--- START ---

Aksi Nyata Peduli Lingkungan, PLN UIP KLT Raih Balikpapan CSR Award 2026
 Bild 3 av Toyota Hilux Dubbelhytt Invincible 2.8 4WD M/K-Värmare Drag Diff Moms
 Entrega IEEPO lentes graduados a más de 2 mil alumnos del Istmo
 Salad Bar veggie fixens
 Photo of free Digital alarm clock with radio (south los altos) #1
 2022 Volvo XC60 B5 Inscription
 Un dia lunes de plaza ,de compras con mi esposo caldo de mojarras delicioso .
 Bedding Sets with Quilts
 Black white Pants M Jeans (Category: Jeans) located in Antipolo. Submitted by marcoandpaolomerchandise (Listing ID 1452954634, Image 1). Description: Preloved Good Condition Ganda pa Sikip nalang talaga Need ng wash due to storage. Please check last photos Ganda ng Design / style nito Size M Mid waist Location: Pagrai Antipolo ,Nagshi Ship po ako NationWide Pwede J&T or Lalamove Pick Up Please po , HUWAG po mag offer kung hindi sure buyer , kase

--- END ---

Each entry above is to be printed again exactly.

Aksi Nyata Peduli Lingkungan, PLN UIP KLT Raih Balikpapan CSR Award 2026
 Bild 3 av Toyota Hilux Dubbelhytt Invincible 2.8 4WD M/K-Värmare Drag Diff Moms
 Entrega IEEPO lentes graduados a más de 2 mil alumnos del Istmo
 Salad Bar veggie fixens
 Photo of free Digital alarm clock with radio (south los altos) #1
 2022 Volvo XC60 B5 Inscription
 Un dia lunes de plaza ,de compras con mi esposo caldo de mojarras delicioso .
 Bedding Sets with Quilts
 Black white Pants M Jeans (Category: Jeans) located in Antipolo. Submitted by marcoandpaolomerchandise (Listing ID 1452954634, Image 1). Description: Preloved Good Condition Ganda pa Sikip nalang talaga Need ng wash due to storage. Please check last photos Ganda ng Design / style nito Size M Mid waist Location: Pagrai Antipolo ,Nagshi Ship po ako NationWide Pwede J&T or Lalamove Pick Up Please po , HUWAG po mag offer kung hindi sure buyer , kase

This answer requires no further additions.